Bernard Stiegler: “Le Front national est un escamoteur”
Entretien publié dans Philosophie Magazine de janvier 2014
Selon Bernard Stiegler, si Marine Le Pen, comme son père, canalise la souffrance des Français contre des boucs émissaires, elle s’en démarque en prônant un nationalisme étatiste.
Pour 72 % des électeurs Front national (FN), le motif de leur vote est de « manifester un mécontentement » [1].
Bernard Stiegler : Un constat : une « révolution » est nécessaire, qui n’a pas lieu. Il ne s’agit pas de couper des têtes ; une révolution est simplement ce qui se produit quand un cycle est révolu. Or notre modèle de société est révolu : en un siècle, jusqu’à la crise de 2008, le modèle fordo-keynésien qui fondait la société et son économie s’est effondré.
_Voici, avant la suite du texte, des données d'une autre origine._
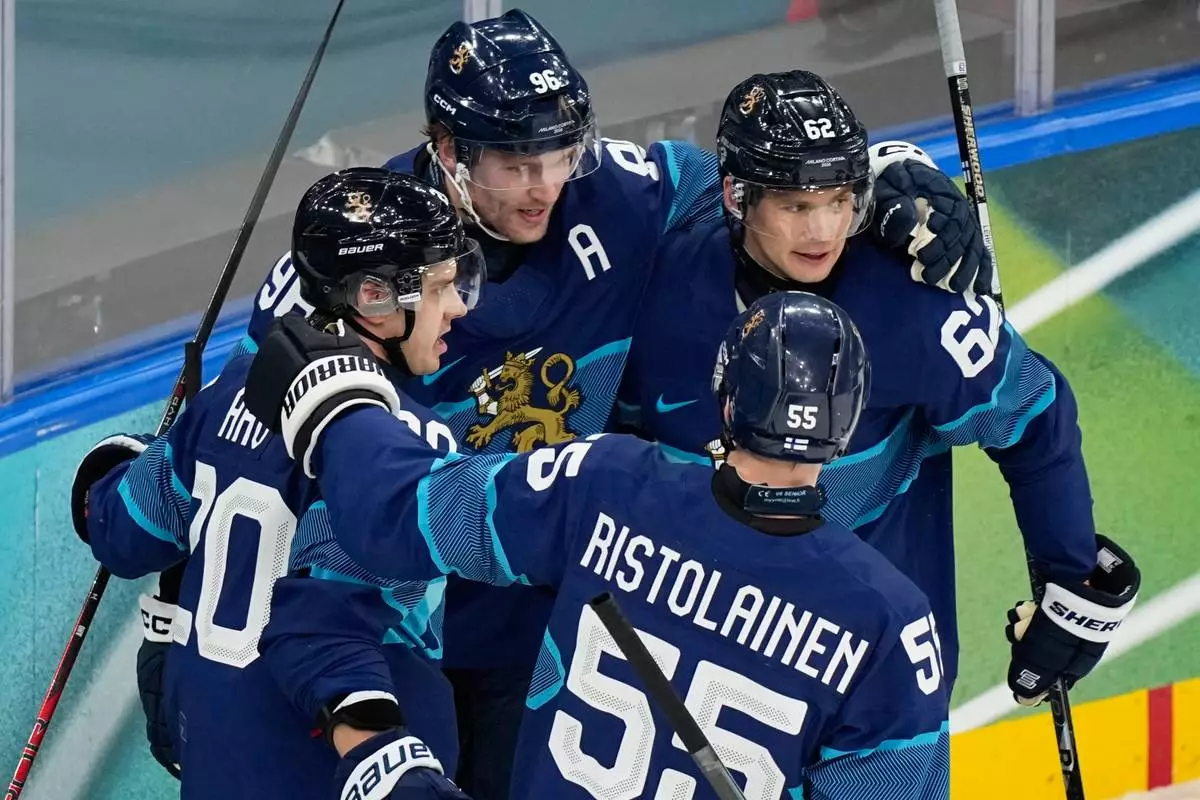Finland's Sebastian Aho, left, celebrates with teammates after scoring his sides first goal during a preliminary round match of men's ice hockey between Finland and Italy at the 2026 Winter Olympics, in Milan, Italy, Saturday, Feb. 14, 2026. (AP Photo/Hassan Ammar)
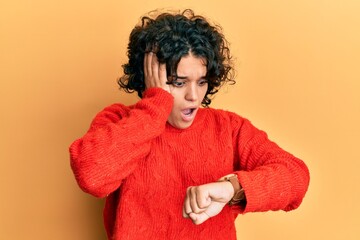 Young hispanic woman with curly hair wearing casual winter sweater looking at the watch time...
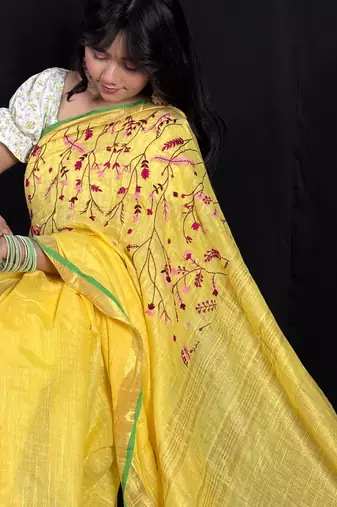 Yellow handloom linen saree with hand embroidered work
Nous sommes passés d’un monde où le salarié avait assez de pouvoir d’achat pour absorber la production à un monde spéculatif et insolvable où le salaire est remplacé par l’endettement et où le rapport entre rémunération du capital et rémunération du travail est honteusement déséquilibré. Ce système repose en outre sur la destruction de l’attention, l’addiction et le court-termisme, qui imposent une « bêtise systémique » où le FN prospère. À ses sympathisants qui souffrent de cette bêtise sans être capables de la nommer, le FN désigne des boucs émissaires qui détournent leur attention. Telle est la base de l’idéologie du Front national.
Quelle est cette idéologie ?
Marx appelle idéologie les discours de détournement d’attention qui dissimulent et légitiment les mécanismes d’oppression. Le FN est un escamoteur : en canalisant la souffrance vers des victimes expiatoires potentielles, il occulte ses véritables causes. Il exploite les conséquences pervers de la révolution conservatrice célébrée par Jean-Marie Le Pen (qui se présentait comme le « Reagan français »), qui exacerbe les effets toxiques de l’économie pilotée par le marketing stratégique au service de la finance spéculative, et par où tout ce qui semblait positif devient négatif. Ce qui constitue la logique du pharmakon, où le remède devient poison. Comme tous les autres partis, sans rien remettre en question du consumérisme qui en est la véritable cause, le FN exploite la logique du pharmakos, la victime expiatoire en grec : c’est la logique qui fait que lorsque l’on est maltraité par quelqu’un, on s’en prend à un autre plus faible que soi. Nous tous sommes ainsi. Pensez à votre attitude si votre patron vous maltraite : vous vous vengerez sur vos proches au moins par votre mauvaise humeur…
Notez que Jean-Marie Le Pen, qui défendait des thèses ultralibérales, n’était pas fasciste. Le fascisme prône un nationalisme étatiste, fustige la liberté économique et renforce les pouvoirs de l’État. Or, Marine Le Pen renverse (en apparence) le discours de son père afin d’exploiter le désir d’une puissance publique régulatrice forte. Elle s’oppose (en apparence) au libéralisme, au capitalisme et prône un État autoritaire : ce discours-là est bien plus proche du fascisme.
Pourquoi vouloir « prendre soin » des électeurs du FN ?
Ce n’est en rien une provocation : c’est ce que je crois qu’il faut faire. Prendre soin des électeurs du FN n’est pas satisfaire leurs fantasmes. Cela signifie entendre leur souffrance, qui est aussi la vôtre et la mienne, celle que provoque partout l’incurie généralisée. Mais, pour cela, il faut élaborer un véritable projet alternatif, politique et économique, qui acte que quelque chose est révolu et que quelque chose commence. C’est en ce sens que dansPharmacologie du Front national, j’avance une quinzaine de propositions issues des travaux d’Ars Industrialis et dessinant les perspectives d’une voie de transition pour sortir du système consumériste reconnu insolvable depuis 2008.